No sé cuál de las tres opciones ganará en el Estado francés, pero me temo que difícilmente será Occitania-Catalogne porque implicaría reconocer una historia que le incomoda y que tarde o temprano tendría trascendencia. Del mismo modo que el nombre de Irlanda del Norte, aunque esté bajo soberanía británica, indica que se trata de una parte de un todo llamado Irlanda, y que, por tanto, hay una Irlanda del Sur, también el nombre de Cataluña del Norte indica una pertenencia a un todo llamado Cataluña. Recuerdo que profundice mucho, al tratar esta cuestión en el libro «Desnudando España». Y es que la historia es muy tozuda y los hechos son los hechos. El Tratado de los Pirineos, como sabemos, desgajó la nación catalana quitandole una parte importantísima de sí misma para subordinarla a otro pueblo, y esta subordinación conllevó una persecución feroz de la lengua, de la cultura y de la identidad catalanas a fin de subsumirla en la identidad francesa.

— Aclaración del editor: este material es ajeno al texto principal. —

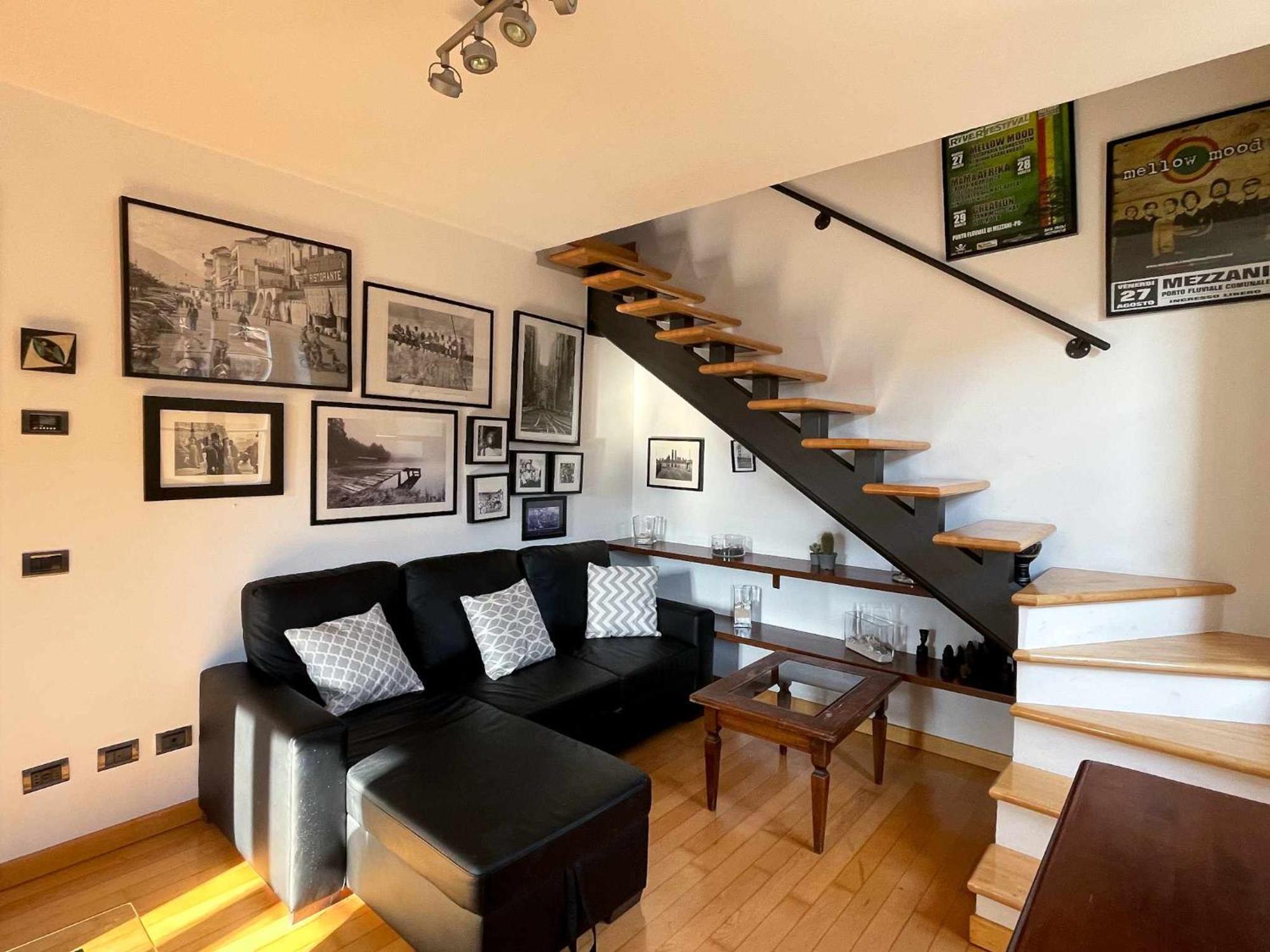 Plinio Center Town Apartment 贝拉焦 外观 照片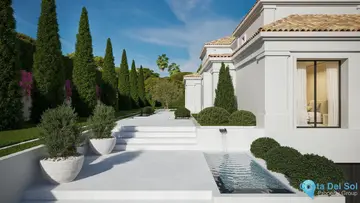 5 bedroom House for Sale in Marbella-57777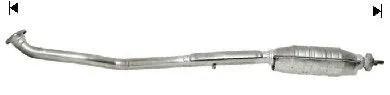 Catalytic Converter (HUK-921)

Pero una cosa es el planteamiento y otra el desenlace, y, como dijo el nunca suficientemente bien ponderado Francesc Pujols, «el pensamiento catalán rebrota siempre y sobrevive a sus ilusos enterradores». Han transcurrido trescientos cincuenta y siete años de aquel crimen de Estado, y los enterradores, si bien han hecho estragos durante todo este tiempo, no han tenido éxito. Porque, si la nación catalana no existe, ¿cómo puede ser que haya una ‘Cataluña francesa’ y una ‘Cataluña española’? ¿En qué quedamos, es de un sitio o de otro? Cualquiera, por supuesto, puede decir que es de los dos sitios a la vez. Es decir, que hay un trozo bajo dominio español y otro trozo bajo dominio francés. Aceptado. ¿Pero como se puede explicar esta pertenencia administrativa sin el descuartizamiento perpetrado por Castilla y Francia, en 1659, a espaldas de Cataluña? Dicho de otro modo: si Cataluña es España, y si Cataluña es Francia, ¿por qué la querían descuartizar? ¿O es que acaso hay alguien lo suficientemente loco como para descuartizarse a sí mismo?